Notes on malnegation

My posting of the 7th on miss not +Ving (as in I miss not getting the morning paper) has been getting a lot of views; at the moment, it’s #2 in number of views, behind only the long-standing top posting, on parts of the body. (Quite often, all the top ten postings in this regard have to do with sex or sexuality — but the “miss not” posting doesn’t.) At the same time, in looking at my files, I see an enormous number of postings on malnegation (or misnegation) — either overnegation (as apparently in this case) or undernegation (as apparently in could care less) — in Language Log and this blog (and also in some other linguablogs, for example Neal Whitman’s Literal-Minded blog), but no summary inventory of this material. It turns out that preparing such an inventory would be quite a substantial task, for a number of reasons, including one that became clear to me when I looked at Facebook comments on my “miss not” posting.
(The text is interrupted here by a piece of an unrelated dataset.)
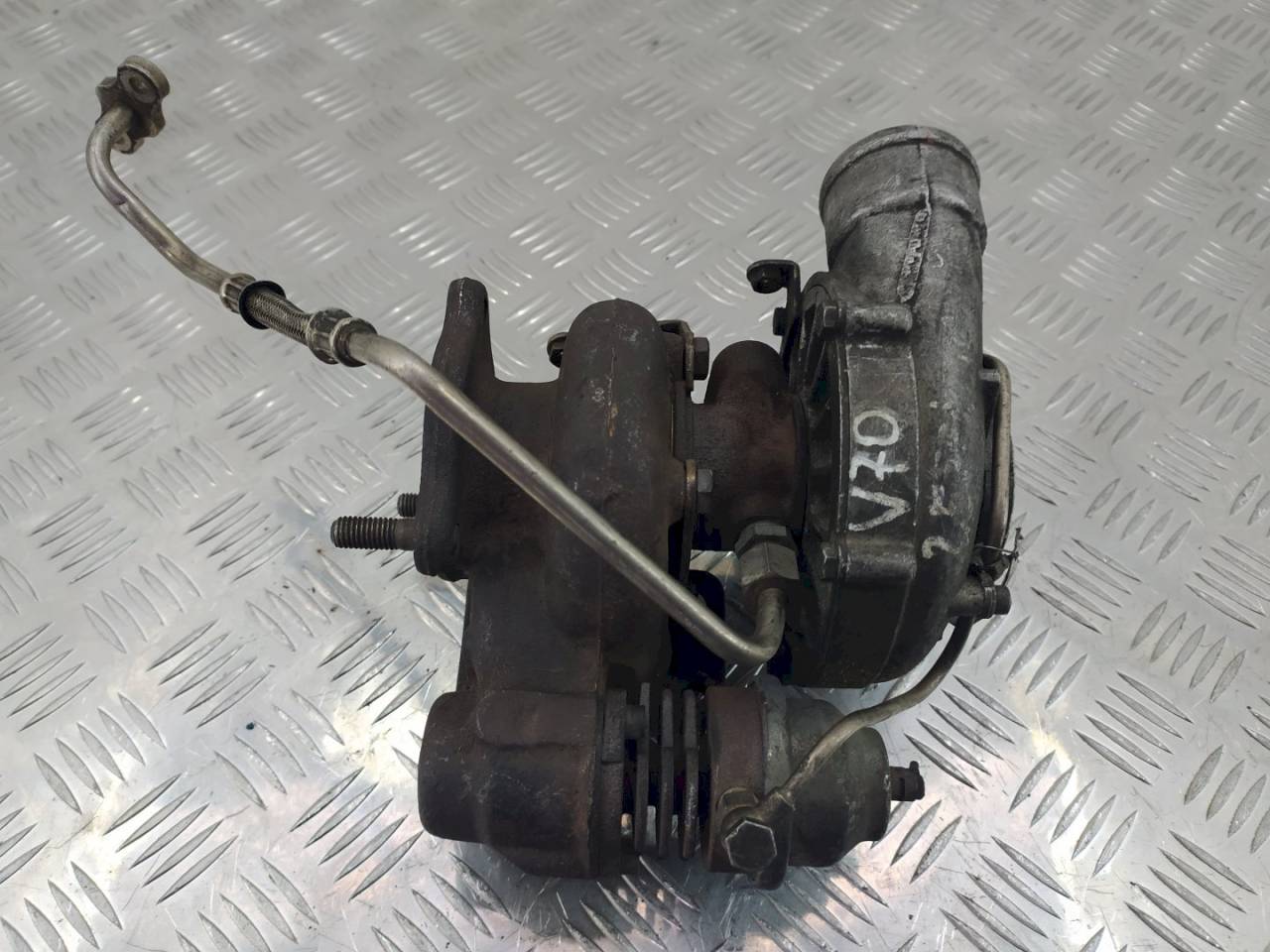 турбина Volvo V70 1 поколение 1997, 2.5 л., TDi, 074145701B - фото №1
My posting on miss not +Ving noted Mark Liberman’s arguments that such examples in current English are not  just inadvertent errors, but are instances of an idiom pattern, or small syntactic construction. The Facebook comments, in contrast, focused on the history of the pattern, in which some sort of inadvertent error almost surely played a role; one possibility is a fusion of miss Ving with regret not Ving.

The point here is that an account of the historical source is not the same thing as an account of the current system of the language. This is just a warning against the Etymological Fallacy for simple words, carried over to the case of larger patterns. Things are as they are now, not (necessarily) as they used to be. There’s now an idiom pattern miss not Ving, which is not “overnegated” (just as there’s an idiom pattern could care less, which is not “undernegated”).

To complicate things further, as in many other instances of linguistic change over time, the older variant just doesn’t disappear, poof, but coexists with the newer variant. So you can get things like:

After social life became much more formal, Harry realized that he missed not dressing for dinner.

I understand that with effort I could care less about vicious comments on my blog.

But these days, in both cases, the idiomatic (and superficially “misnegated”) interpretations are by far the dominant ones.

Linguablog postings on malnegation have all sorts of phenomena, from examples where people just get tangled up in levels of negation and commit inadvertent errors, to instances of innovative idioms, including cases in where errors and systematic innovations might coexist. So the idea of an inventory of malnegation phenomena is daunting indeed.